Snapshot File
- Filename extension: .snp
- Internet media type: application/vnd.ms-access, image/x-snp
- Developed by: Microsoft
- Type of format: Access report output, multi-page, precise
- Container for: EMF (contained pages)
- Contained by: CAB (compression wrapper)

= SNP file format =

The SNP file format was used by Microsoft Access to store Report Snapshots in a single file which can be viewed and printed by the Microsoft Snapshot Viewer, a Windows program available free of charge from Microsoft that allows report output to be viewed without requiring Access. Support for the format was discontinued in Access 2010 and later versions; Access reports can be exported in PDF/XPS and Excel formats viewable on many platforms.

SNP files are based on the Microsoft Compound File Binary Format (CFBF), which is also the basis for the Advanced Authoring Format (AAF). CFBF is a reasonably simple container format which can store multiple files, directories and so on. For SNP files, Microsoft Access uses CFBF to store each page as a separate Enhanced Metafile (EMF)-like format containing all of the graphics commands required to reproduce the page.
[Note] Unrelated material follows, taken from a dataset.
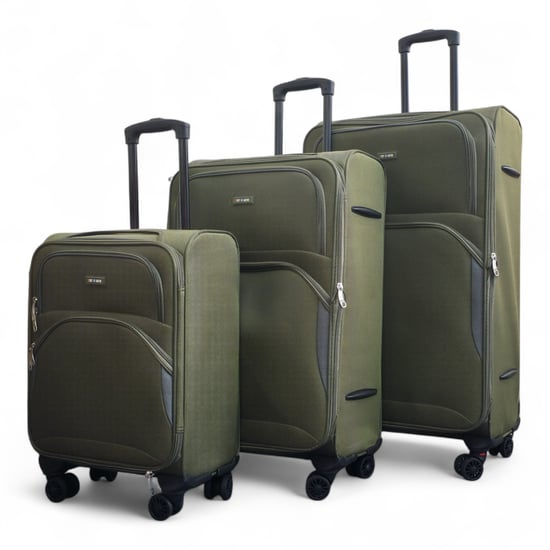 Erweiterbarer weicher Khaki-Grün-Koffer mit 8 Rädern, leichtes Gepäck, Reisetaschen - Image 5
The last CFBF record in an SNP file is a 'HEADER' file, which primarily contains a DEVMODE structure. Data from this structure is used to render the SNP file in Microsoft Snapshot Viewer, in conjunction with the default printer selected.

As CFBF files are not compressed, Microsoft's CAB format is used to reduce the size of the CFBF, producing a file which may be only a few kilobytes in size for each page of text and simple graphics—lines, boxes, etc.